ACTING JUDGE OF THE HIGH COURT

GAUTENG LOCAL DIVISION, JOHANNESBURG

 

 

HEARD ON: 3 AUGUST 2020

JUDGMENT DELIVERED ON: 11 AUGUST 2020

(DELIVERED ELECTRONICALLY BY EMAIL TO THE PARTIES)

COUNSEL FOR THE APPLICANT: ADV. G PORTEOUS

INSTRUCTED BY: KUILMAN MUNDELL & ARLOW

REFERENCE: MS N BULABULA

COUNSEL FOR THE 1ST & 2ND RESPONDENT: ADV. AD COLLINGWOOD

INSTRUCTED BY: KIRSHEN NAIDOO & COMPANY INC

REFERENCE: MR P MALUNGANA

 

[1] 2012 JDR 0485 (WCC) at paras [12] to [13]

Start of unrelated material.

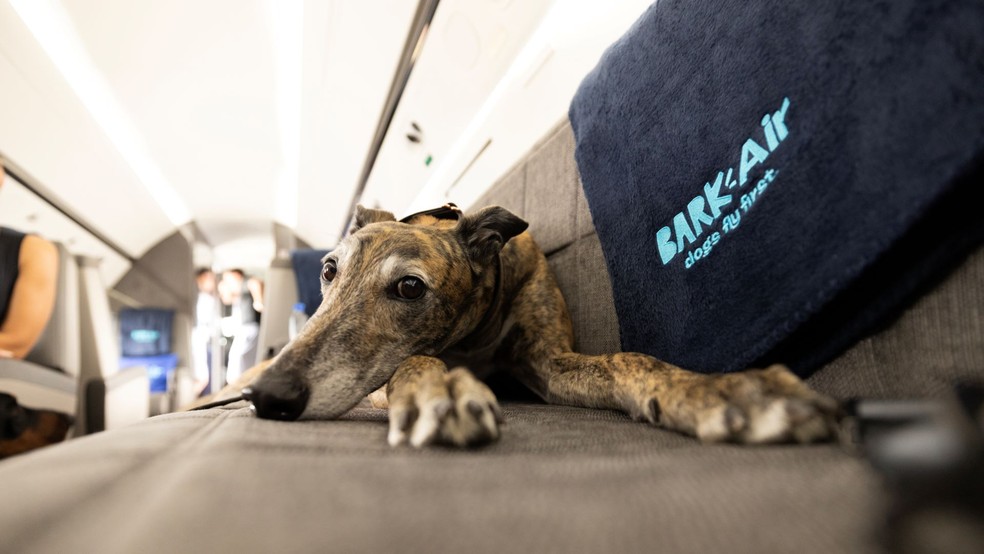 Cachorros poderão sentar onde quiserem durante voo em nova companhia aérea — Foto: Divulgação/Bark Air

[2] Johl v Nobre supra at para15.

[3] There was no suggestion in the papers nor was it argued that the running of prescription in terms of section 6 of the Act had been interrupted by the service of any process as required by sections 4(1).

[4] Malan v Nabygelegen Estate 1946 (AD) 562 at 574 where Watermeyer CJ held “mere occupation of property 'nec vi nec clam nec precario' for a period of thirty years does not necessary vest in the occupier a prescriptive title to the

ownership of the property. In order to create a prescriptive title, such occupation must be a user adverse to the true owner and not occupation by virtue of some contract or legal relationship such as lease or usufruct which recognises the ownership of another.”

[5] The mere fact that the servitudes are reflected on the Surveyor General’s diagram and have been approved by him do not elevate these to real rights binding on any party in the absence of the specific registration of those servitudes – see Werner v Florauna Kwekery BK and Others 2016 (2) SA 282 (SCA) at para [21] and Ethekwini Municipality v Brooks and Others 2010 (4) SA 586 (SCA) at para [32].

[6] From which it may be inferred that all the parties made use of the common driveway comprised of the property of portions 26, 27 and 28 civiliter modo –  that is respectfully and with due regard to the rights of others - see Tshwane City v Link Africa and Others 2015 (6) SA 440 (CC) at para [87].